Hal itu diketahui lewat temuan penyidik dan diperkuat dari keterangan saksi.

"Tetap penyidik menemukan tidak seperti itu. Ada RON 90 (Pertalite) atau di bawahnya 88 diblending dengan 92 (Pertamax)."

"Jadi RON (90 atau 88) dengan RON (92), sebagaimana yang saya sampaikan tadi," jelas Direktur Penyidik Jampidsus Kejagung, Abdul Qohar, Rabu.

Abdul menambahkan, Pertamax yang dioplos Pertalite maupun Premium, dijual seharga normal Pertamax.

"Jadi hasil penyidikan, tadi saya sampaikan itu.
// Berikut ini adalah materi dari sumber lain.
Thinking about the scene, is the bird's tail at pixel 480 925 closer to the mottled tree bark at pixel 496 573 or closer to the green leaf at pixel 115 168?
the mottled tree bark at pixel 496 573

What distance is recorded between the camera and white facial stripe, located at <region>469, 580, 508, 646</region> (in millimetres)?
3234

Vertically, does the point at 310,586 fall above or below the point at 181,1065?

RON 90 atau di bawahnya itu tadi fakta yang ada, dari keterangan saksi, RON 88 diblending dengan (RON) 92 dan dipasarkan seharga (RON) 92," jelasnya.
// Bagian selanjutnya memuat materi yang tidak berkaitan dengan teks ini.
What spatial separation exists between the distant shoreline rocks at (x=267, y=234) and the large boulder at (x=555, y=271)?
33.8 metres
Untuk lebih memastikan terkait temuan penyidik tersebut, Qohar mengatakan pihaknya bakal menggandeng ahli untuk menelitinya.

"Nanti ahli yang meneliti. Tapi faktafakta alat bukti yang ada seperti itu. Keterangan saksi menyatakan seperti itu," pungkas Qohar.

Hingga saat ini, Kejagung telah menetapkan sembilan tersangka dalam kasus korupsi di Pertamina yang merugikan negara hingga Rp193,7 triliun.

Sembilan tersangka itu terdiri dari enam petinggi Pertamina dan tiga pihak swasta. Berikut daftarnya:

Dirut PT Pertamina Patra Niaga, Riva Siahaan; Direktur Optimasi Feedstock & Produk PT Kilang Pertamina Internasional, Sani Dinar Saifuddin VP Feedstock PT Kilang Pertamina Internasional, Agus Purwono; Dirut PT Pertamina International Shipping, Yoki Firnandi; Direktur Pemasaran Pusat dan Niaga PT Pertamina Patra Niaga, Maya Kusmaya; VP Trading Operation PT Pertamina Patra Niaga, Edward Corne; Beneficiary owner dari PT Navigator Khatulistiwa, Muhammad Keery Andrianto Riza; Komisaris PT Khatulistiwa dan PT Jenggala Maritim, Dimas Werhaspati; Komisaris PT Jenggala Maritim dan PT Orbit Terminal Merak Gading, Ramadan Joede.